1 What is a decision tree?

A decision tree is a tool that builds regression models in the shape of a tree structure. Decision trees take the shape of a graph that illustrates possible outcomes of different decisions based on a variety of parameters. Decision trees break the data down into smaller and smaller subsets, they are typically used for machine learning and data mining, and are based on machine learning algorithms. Decision trees are also referred to as recursive partitioning.

The Algorithm: How decision trees work

• Decision trees are based on an algorithm called ID3 created by JR Quinlan
• ID3 employs entropy and information gain to create a decsion tree
• entropy: is a top-down process that partitons data into subsets that consist of homogeneous data points. If a sample is completely homogenous the entropy is zero, if the sample is completely divided entropy is one.
• information gain: the decrease in entropy after the dataset is split on an attribute/parameter. Decision trees make splits based on which attributes generate the highest information gain, which results in the most homogenous subsets. Entropy values are calculated for every parameter that is entered into the tree model, for each decision, the parameter with the highest information gain is selected. Then the process is repeated.

Decision Tree Components

Decision trees are made up to two parts: nodes and leaves.

• Nodes: represent a decision test, examine a single variable and move to another node based on the outcome
• Leaves: represent the outcome of the decision.

What can I do with a decision tree?

Decision trees are useful to make various predictions. For example, to predict if an email is SPAM or not, to predict health outcomes, to predict what group an individual belongs to based on a variety of factors that are specified in the decision tree model.

• simple to understand and interpret
• help determine the expected outcomes of various scenarios
• help determine best and worst values for different scenarios
• can be combined with other decision techniques
• require a relatively low degree of data preparation
• can accommodate missing data
• low sensitivity to outliers
• low impact of nonlinear relationships between parameters
• can handle both categorical and numeric variables
• can translate the decision tree results into “decision rules”

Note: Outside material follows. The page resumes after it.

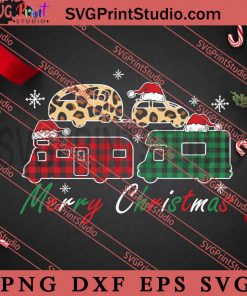 Merry Christmas Camping Car Leopard SVG, Christmas Gift SVG, Leopard SVG PNG EPS DXF Silhouette Cut Files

• for categorical variables, more levels of the variable creates more bias of the decision tree toward that variable
• if the tree is over-fitted to the data, the results can be poor predictors

2 R Package: 'party'

The package we will use to create decision trees is called 'party'. Safe to say, you’re going to have a good time creating decision trees.

To install the package, use the syntax below. We will also be using the packages plyr and readr for some data set structuring.

2.1 Install ‘party’

install.packages("party")

library(party)
library(plyr)
library(readr)

2.2 The function: ctree()

To create decision trees, we will be using the function ctree() from the package 'party'. To get more information about the ctree() function you can use the syntax below.

?ctree()

A BRIEF OVERVIEW OF ctree()

The function ctree() is used to create conditional inference trees. The main components of this function are formula and data. Other components include subset, weights, controls, xtrafo, ytrafo, and scores.

• arguments
• formula: refers to the the decision model we are using to make predicitions. Similarly to ANOVA and regression models in R, the formula will take the shape of outcome~factor1+factor2+...factor(n): where the outcome is the variable we are trying to predict, and each of the factors are the bases for the decision nodes.

• data: tells the function which dataset to pull the variables listed in the model from.

• subset: is an optional add on which specifies a subset of observations to be used in the fitting process. Should be used if you don’t want to fit the model to the entire dataset.

• weights: is an optional vector that provides weighted values that can be used in the model fitting process. Can only consist of non-negative integers.

• basic syntax
• ctree(formula, data)

3 An Example using ctree()

3.1 The Dataset: IRIS

For the example, we will be using the dataset from UCI machine learning database called iris.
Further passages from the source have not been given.